I don’t like spam.
I don’t like getting spam. I don’t like deleting spam. I don’t like seeing how much spam I get. I even don’t particularly like knowing, in a general sort of way, what kind of spam I’m getting.
What does fascinate me, though, is the gradual change in tactics that the spammers use to get my attention.

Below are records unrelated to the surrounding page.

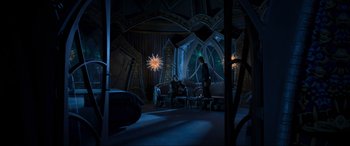 Movie still from “Guardians of the Galaxy Vol. 2” (2017), directed by James Gunn – A man and a woman are sitting on a couch in a dark room; Extreme Wide shot, High angle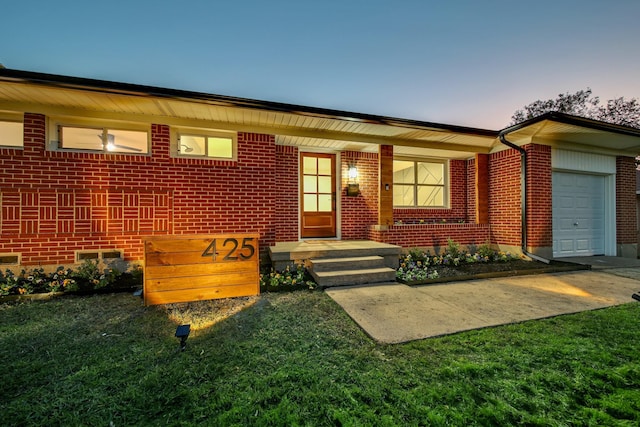 view of front of house with a yard and a garage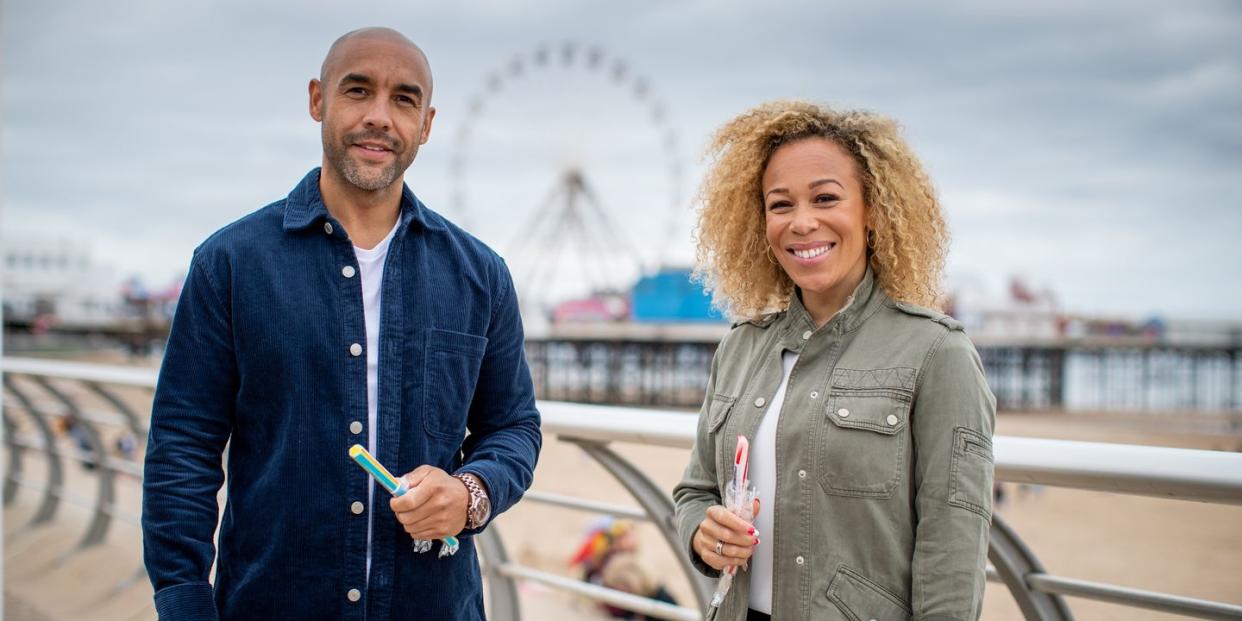 all about britain, alex beresford and rita hebden at the seaside holding sticks of rock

The latest strategy employed by spamvertisers to get around our filters is to send the messages with a single, random word as the subject. Right now in my junk mail folder I have emails titled scald, mill, protein, footing, alarm clock, blab, hyphenate, and vertebra. Just on a whim, I opened up alarm clock – after all, I’m not a morning person. Quite predictably there was no information about alarm clocks, only an offer to buy stocks in some company no one’s heard of, together with some amusing disclaimers about how the email is not a statement of fact and how I could lose all my money investing in this stock. (Way to sell your product, guys.)
What kind of drugs are these people on, anyway? I can imagine the conversations around the table in the spammers’ smoky backroom:
Spammer #1: Wow, sales of p3nis pills have dropped way off in North America. Maybe sending all our advertising in Chinese wasn’t the best sales strategy.
Spammer #2: Why don’t we try Russian?
Spammer #1: That’s an excellent idea!
Spammer #3: Here’s one I just thought of. If we generate random names for the From: line so that our ads look like personal messages, more people will want to read them. If I were one of the V1agra-buying masses, I would love to know what my buddies Alleging V. Sociopath, Handel T. Atherosclerosis and Syllabication H. Perfecter were up to these days.
Spammer #1: Yes! You’re a genius, Spammer #3!
Spammer #2: Here’s the only problem, though. Sooner or later those evil spam-filter programmers are going to catch on. Then what?
Spammer #4: I know – we’ll just send our ads out with a random word in the subject line.
All: (singing) We’re in the money! (Everyone lights up huge cigars with burning $100 bills.)